Saved data entries:
******

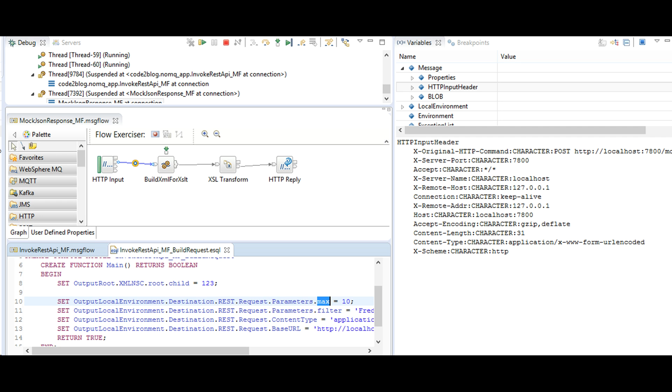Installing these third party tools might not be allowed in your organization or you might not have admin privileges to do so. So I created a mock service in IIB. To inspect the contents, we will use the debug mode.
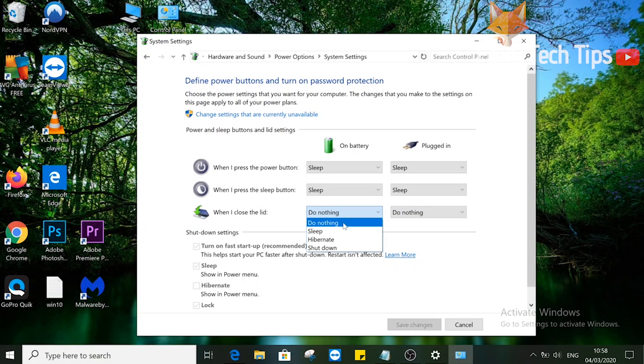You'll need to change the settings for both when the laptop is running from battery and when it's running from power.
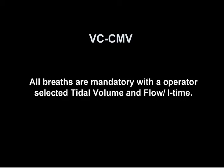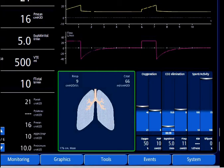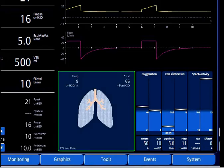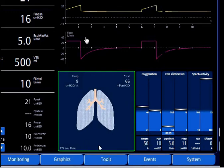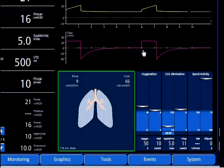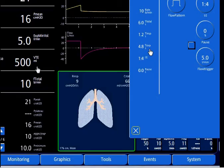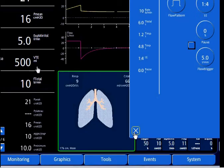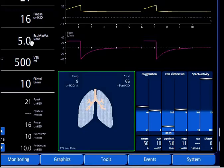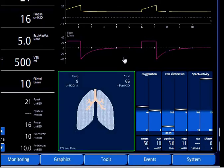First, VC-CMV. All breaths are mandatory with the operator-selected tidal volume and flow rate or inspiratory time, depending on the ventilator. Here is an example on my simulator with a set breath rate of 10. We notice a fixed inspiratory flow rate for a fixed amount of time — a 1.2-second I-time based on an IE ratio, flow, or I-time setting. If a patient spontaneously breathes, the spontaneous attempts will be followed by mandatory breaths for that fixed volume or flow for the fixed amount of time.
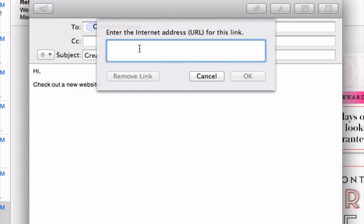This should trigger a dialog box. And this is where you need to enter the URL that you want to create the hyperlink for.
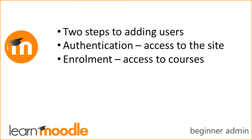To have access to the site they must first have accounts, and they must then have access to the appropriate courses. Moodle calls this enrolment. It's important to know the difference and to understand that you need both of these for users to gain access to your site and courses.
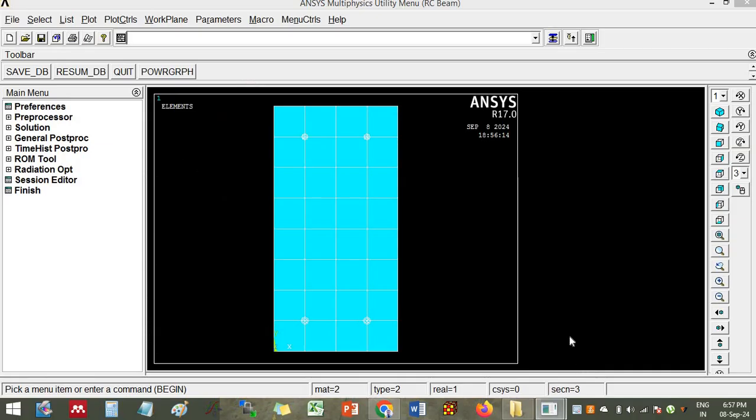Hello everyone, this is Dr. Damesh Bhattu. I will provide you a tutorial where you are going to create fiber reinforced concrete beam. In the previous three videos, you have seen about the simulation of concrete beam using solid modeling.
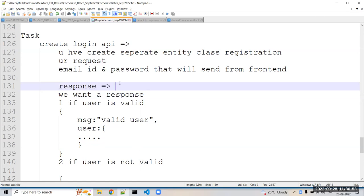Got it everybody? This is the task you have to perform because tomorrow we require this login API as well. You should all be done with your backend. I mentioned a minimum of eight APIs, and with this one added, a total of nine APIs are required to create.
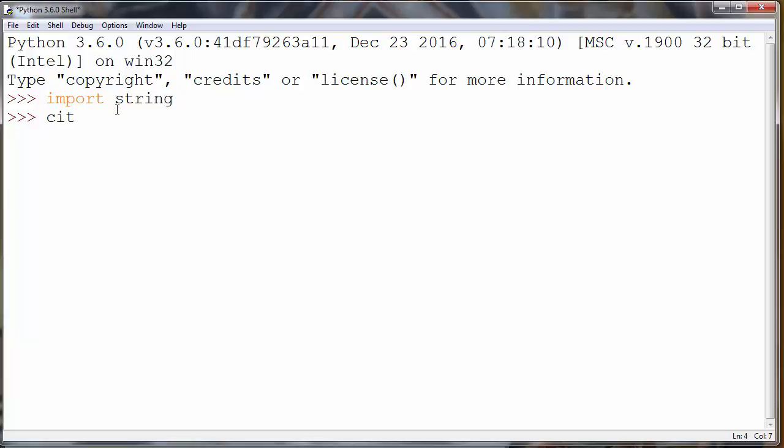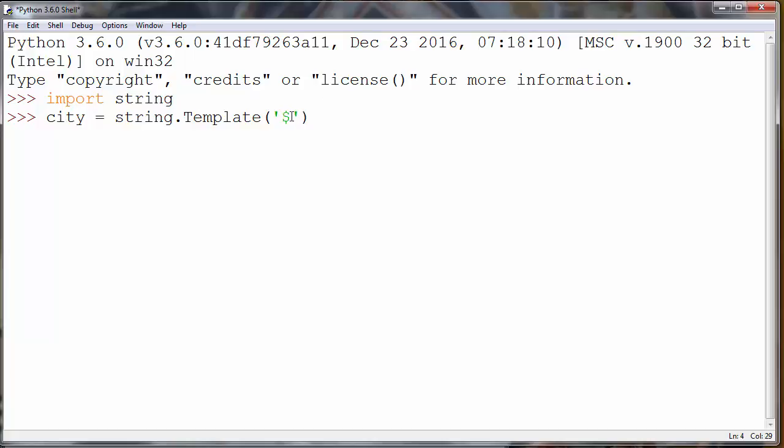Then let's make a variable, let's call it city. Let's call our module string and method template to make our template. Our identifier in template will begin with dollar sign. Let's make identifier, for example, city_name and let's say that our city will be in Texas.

******

▶ [YOUR GOAL] With the pictures omitted, copy the entries above exactly from the line containing "To have access" through the line containing "Got it everybody?", both lines included.

▶ [RESULT BELOW]
To have access to the site they must first have accounts, and they must then have access to the appropriate courses. Moodle calls this enrolment. It's important to know the difference and to understand that you need both of these for users to gain access to your site and courses.
Hello everyone, this is Dr. Damesh Bhattu. I will provide you a tutorial where you are going to create fiber reinforced concrete beam. In the previous three videos, you have seen about the simulation of concrete beam using solid modeling.
Got it everybody? This is the task you have to perform because tomorrow we require this login API as well. You should all be done with your backend. I mentioned a minimum of eight APIs, and with this one added, a total of nine APIs are required to create.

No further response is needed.